Um dos pontos levantados na sabatina de Cristiano Zanin, indicado de Luiz Inácio Lula da Silva (PT) ao Supremo Tribunal Federal (STF), foi como um ministro da Corte poderia combater o lawfare.
A resposta de Zanin foi enfática: "Um magistrado não deve combater nada". A posição de Zanin explicitava sua posição de que juízes não devem ter como orientação de sua atuação o combate direto e proativo a fenômenos políticos e sociais. Ao contrário, em sua visão é papel do Supremo garantir a aplicação da Constituição - o que só indiretamente poderia significar combater o lawfare.
A questão dirigida a Zanin tinha razões óbvias: ele é coautor, ao lado de Valeska Martins e Rafael Valim, do livro Lawfare: Uma Introdução, publicado pela Editora Contracorrente e traduzido para outras línguas. Além disso foi o fundador do Instituto Lawfare, criado em 2017.
Leis e guerra
O livro coescrito por Zanin ajuda a iluminar sua resposta na sabatina. Inicialmente, o trio de autores nos lembra que o neologismo que batiza o livro é fruto da junção de duas palavras: law (direito) e warfare (guerra). Não só isso, o livro aponta como esta noção tem origem em manuais e teorias militares, que apontam como grupos dissidentes se utilizariam de demandas judiciais, principalmente com base na legislação de Direitos Humanos, para provocar a desestabilização interna. Ou seja, uma noção longe da crítica de ações arbitrárias do Estado, em especial do Sistema de Justiça.
O desenvolvimento do livro tem então um duplo esforço. O primeiro é diferenciar a noção de lawfare de outras ideias associadas ou próximas, como ativismo judicial, politização da Justiça e Estado de Exceção. A segunda iniciativa, atrelada à anterior, é talvez a mais ousada: no caminho de refinar o conceito, os autores acabam por intencionalmente modifica-lo.
Se a ideia nasce pela abordagem militar, na crítica de iniciativas judiciais que, por exemplo, buscam "deslegitimar as campanhas militares dos Estados Unidos e de Israel, o que representaria uma ameaça à segurança nacional desses países", os autores se apropriam da noção para a denúncia também de ações de aparelhos estatais, ou através destes, para “para fins de deslegitimar, prejudicar ou aniquilar um inimigo”, a nova conceituação proposta por Zanin, Martins e Valim.

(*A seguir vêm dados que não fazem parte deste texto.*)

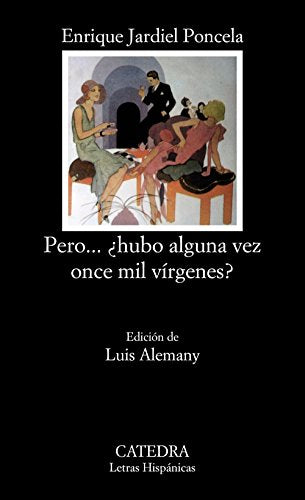 Pero... ¿hubo alguna vez once mil vírgenes? (Letras Hispánicas)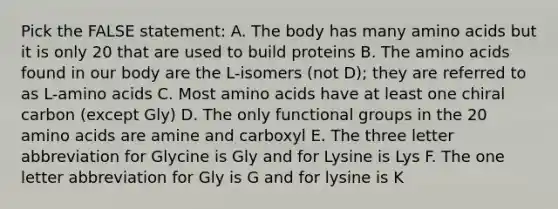 Pick the FALSE statement: A. The body has many amino acids but it is only 20 that are used to build proteins B. The amino acids found in our body are the L-isomers (not D); they are referred to as L-amino acids C. Most amino acids have at least one chiral carbon (except Gly) D. The only functional groups in the 20 amino acids are amine and carboxyl E. The three letter abbreviation for Glycine is Gly and for Lysine is Lys F. The one letter abbreviation for Gly is G and for lysine is K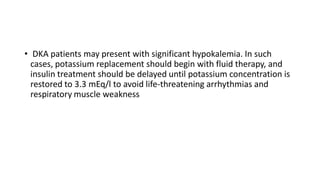 • DKA patients may present with significant hypokalemia. In such
cases, potassium replacement should begin with fluid therapy, and
insulin treatment should be delayed until potassium concentration is
restored to 3.3 mEq/l to avoid life-threatening arrhythmias and
respiratory muscle weakness
 
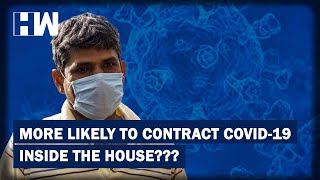 Coronavirus Update: New Study Says People Are More Likely To Contract COVID-19 Inside Home!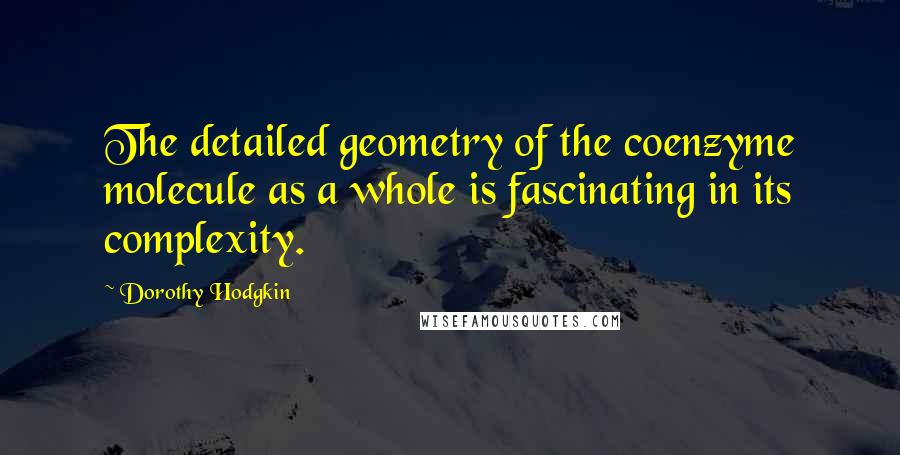 Dorothy Hodgkin Quotes: The detailed geometry of the coenzyme molecule as a whole is fascinating in its complexity.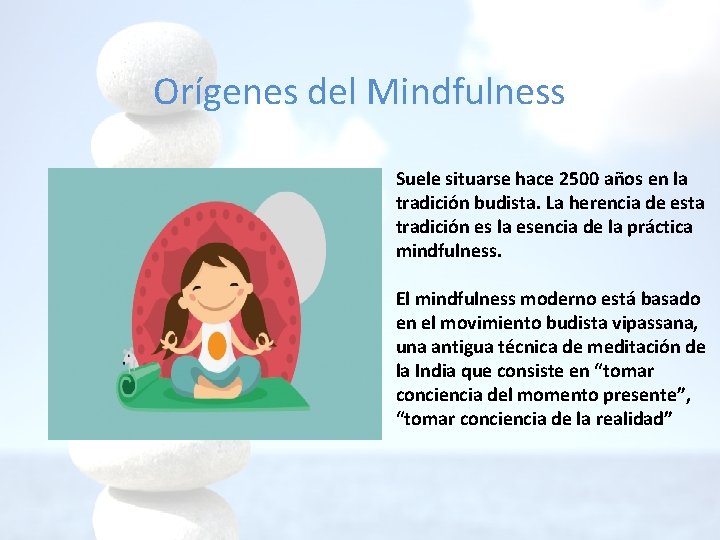 Orígenes del Mindfulness Suele situarse hace 2500 años en la tradición budista. La herencia Orígenes del Mindfulness Suele situarse hace 2500 años en la tradición budista. La herencia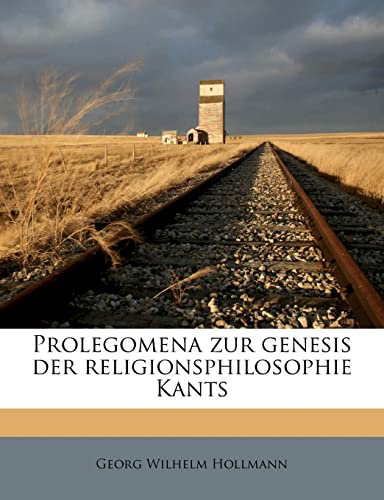 9781245139557: Prolegomena Zur Genesis Der Religionsphilosophie Kants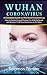 Wuhan Coronavirus: A Complete Guide to The Novel Coronavirus, How to Protect Yourself During The 2020 Outbreak, and Answers To All Your Questions on The Virus B084Z3KZJP Book Cover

Não se trata, aqui, de avaliar a qualidade e coesão dos argumentos do trio, mas destacar o procedimento de seu raciocínio. Em outras palavras, a tentativa de conferir precisão conceitual a uma ideia, ao mesmo tempo em que se possibilita a ampliação de sua aplicação - fazendo a noção evoluir de um paradigma que se fundamenta na perspectiva tradicional da segurança nacional, com seus vieses conservadores implícitos, em direção a uma definição que se pretende mais rigorosa do ponto de vista analítico, e mais progressista no âmbito do discurso e prática políticos.
Por último, a parte inicial da definição proposta pelos autores "o uso estratégico do Direito" é fundamental para compreensão da resposta de Zanin na sabatina. Na se trata apenas do fato de que Zanin rejeita o ativismo de magistrados e, portanto, qualquer combate direto. Deve-se compreender que para Zanin, e os coautores, a ideia de lawfare se inscreve não como conceito propriamente jurídico, mas como categoria que resulta de observação do Direito a partir de uma disciplina externa a ele, e por eles indica como "ciência da estratégia" - um campo definitivamente mais próximo dos estudos geopolíticos e militares do que jurídicos.
Na estrutura do livro, a dinâmica entre a noção original de lawfare e seu desenvolvimento pelos autores é marcada pela utilização do caso Lula como momento empírico que permite a definição própria da ideia sem que as fórmulas de outros autores se percam inteiramente.
Da leitura do livro, se percebe, assim, que a resposta de Zanin teve uma dimensão mais profunda: magistrados devem balizar e fundamentar suas decisões fundamentalmente em categorias jurídicas, vindas da Constituição, das leis, da jurisprudência e da chamada doutrina. Não seria o caso, segundo ele mesmo, da ideia de lawfare. Isso fica claro na pontuação, em espécie de síntese, que fazem os autores ao afirmarem que o lawfare é a própria negação do Direito em sua acepção moderna.